After much talk and numerous legal maneuvers on both sides, both West Virginia and the Big East announced in separate press releases that a settlement agreement has been reached in the civil litigation, clearing the way for WVU to move to the Big 12 in 2012.  In its statement, the Big East wrote that its “Board of Directors has voted to terminate West Virginia University’s membership in the Conference, effective June 30, 2012.”

The move comes three and a half months after WVU officially confirmed Oct. 28 it was leaving the Big East for the Big 12.

“Our membership in the Big 12 offers WVU significant advantages,” said WVU athletic director Oliver Luck in a statement. “The Big 12 is a strong and vibrant conference academically and athletically. We look forward to the potential academic and athletic partnerships and financial opportunities that membership in the Big 12 offers.”

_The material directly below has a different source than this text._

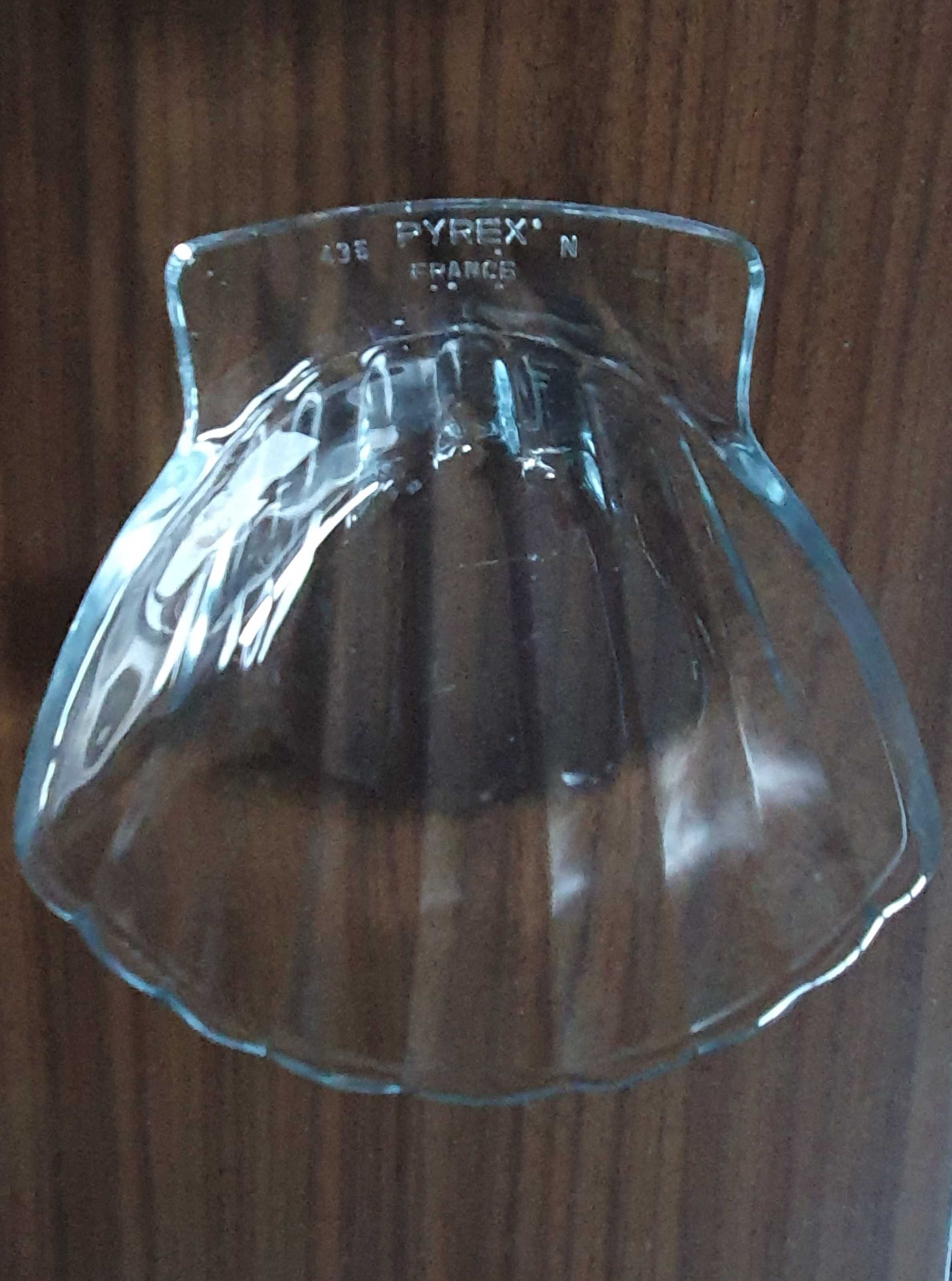 Concha em vidro Pyrex - France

While the Big East would only confirm that “the payment of an exit fee well in excess of that required by the Bylaws” was part of the settlement, the conference shift will prove exact a heavy financial toll on WVU and its new conference.

As previously reported, the early move to the Big 12 will cost a total of $20 million, with WVU covering half of that figure and the Big 12 covering the other half.  WVU will reportedly repay its new conference $5 million of that $10 million, with that repayment consisting of a portion of the school’s broadcast revenues being withheld annually over a period of time.

“We are in great company in the Big 12, joining a group of world-class research universities – many of them large public land-grant flagship institutions like WVU,” WVU president Jim Clements said in his statement.  “These schools have quality academics, research, athletic programs, winning traditions and loyal, passionate fans.”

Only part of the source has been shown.